▶ Brief
Print the whole listing again exactly, keeping no pictures in it.

▶ Dataset extract
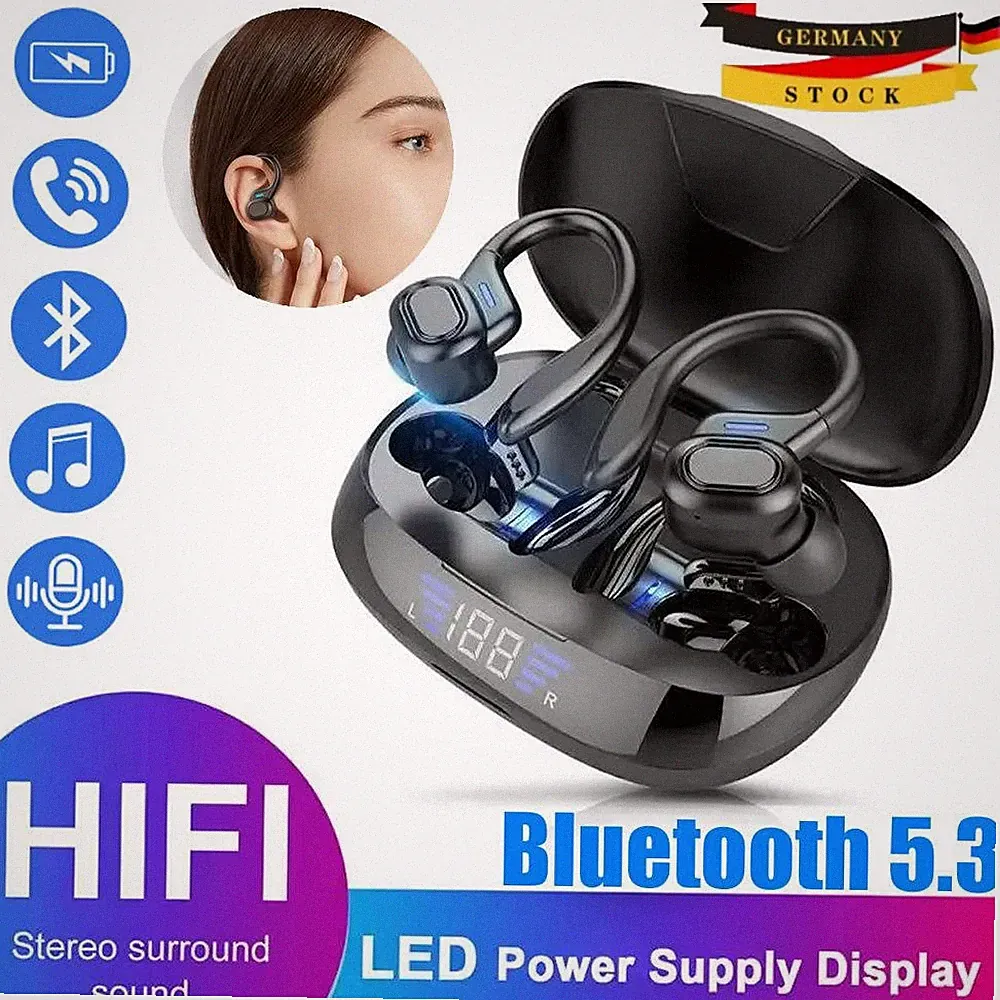 Bluetooth 5.3 Kopfhörer In-Ear Ohrbügel Kabellos TWS Sportkopfhörer mit Mikrofon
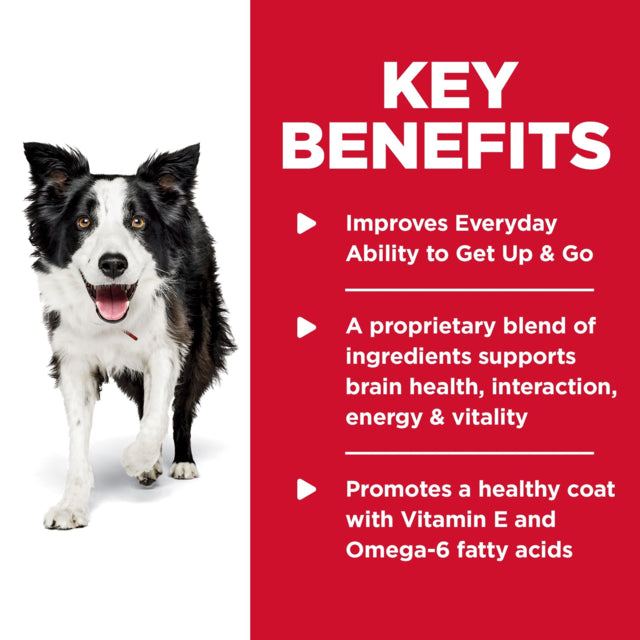 Hills Science Diet Senior Vitality dog food package with a black and white dog on the label.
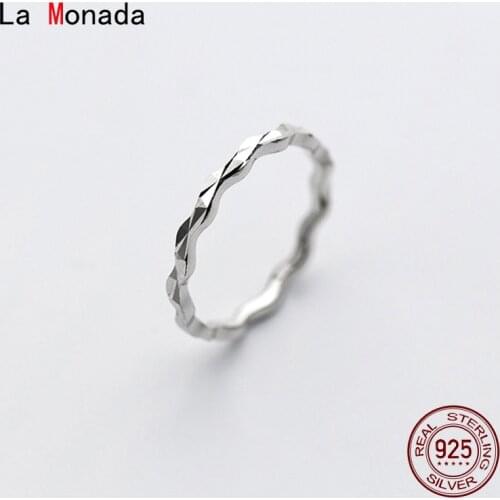 La Monada 48-56 Wave Little Finger Women Ring 925 Sterling Silver Minimalist Rings For Women 925 Silver Fine Jewerly Rings Woman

▶ Output of the task
 Bluetooth 5.3 Kopfhörer In-Ear Ohrbügel Kabellos TWS Sportkopfhörer mit Mikrofon
 Hills Science Diet Senior Vitality dog food package with a black and white dog on the label.
 La Monada 48-56 Wave Little Finger Women Ring 925 Sterling Silver Minimalist Rings For Women 925 Silver Fine Jewerly Rings Woman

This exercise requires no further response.